De ahí que lo más difícil sea estar vivo y conservar un grado suficiente de capacidad nostálgica recordatoria. Uno pasa por la vida y su andar por ella, de tanto pensarlo, se convierte en el recuerdo mismo de la vida, como si el ser un ser humano consistiera en ser la capacidad misma de recordar la vida. Uno mira las meadas que dejaba el perro, los helados que tiró el inocente obsesivo, los restos de vida que dejó el idiota y se pregunta qué será de ellos. ¿Qué será del perro y qué del fanático del napolitano? ¿Seguirán vivos, meando y lamiendo helado napolitano? ¿Qué será de esa casa, ese muro, esa puerta, ese piso, ese árbol, ése baño? ¿Qué pensarán ellos? ¿Qué sentirán? ¿Sienten? ¿Piensan? ¿Mean? ¿Cogen? ¿Consumen? ¿Dudan?

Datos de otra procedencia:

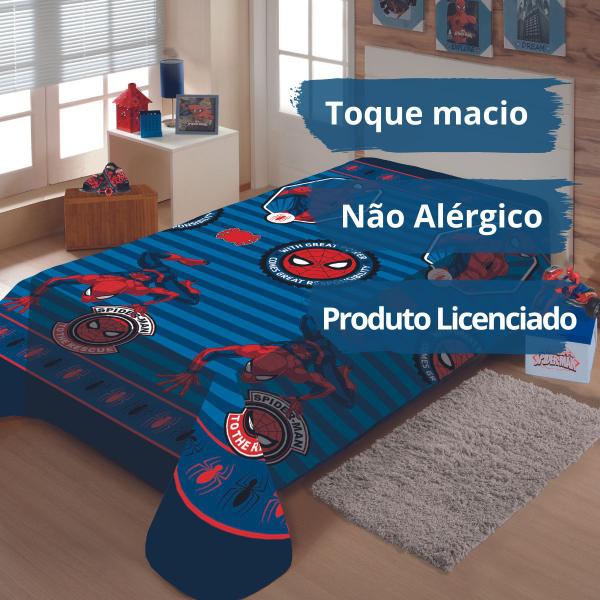 Imagem de Manta Soft Azul Microfibra Marvel Homem Aranha Spider-Man Jolitex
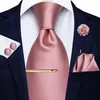 Kowądy Rose Gold Solid Silk Wedding Krawat dla mężczyzn Condyk Cufflink Flower Clip Dift Męs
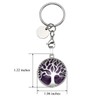 JSDDE Natural Amethyst Crystal Keyring Silver Life Tree Healing Crystals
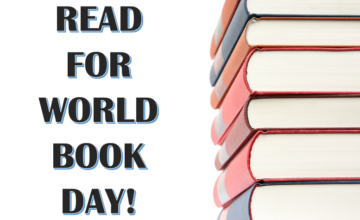 Poster to encourage to people to read for World Book Day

Lo más díficil es aceptarse y regodearse de ser un nostálgico supino en una vida que se llena de si misma en sus memorias mientras se vacía de si misma en sus recuerdos. Lo más difícil es reconocer la lección: para vivir hace falta no recordar. Lo más difícil es reconocerse idiota ante una vida que sigue sin dudar. Tan difícil que rara vez se logra y, más bien, frecuentemente se cae en el error de fomentar la nostalgia, el recuerdo, la necia vuelta que no es sino regreso al (mal) trato de uno mismo, al dolor propio, a la necesidad de ser el centro de la vida, la vida misma de ser posible, para no dejar nunca más de recordarla.
Lo más difícil es aceptarse como algo pasajero. Con memoria. Sin recuerdo.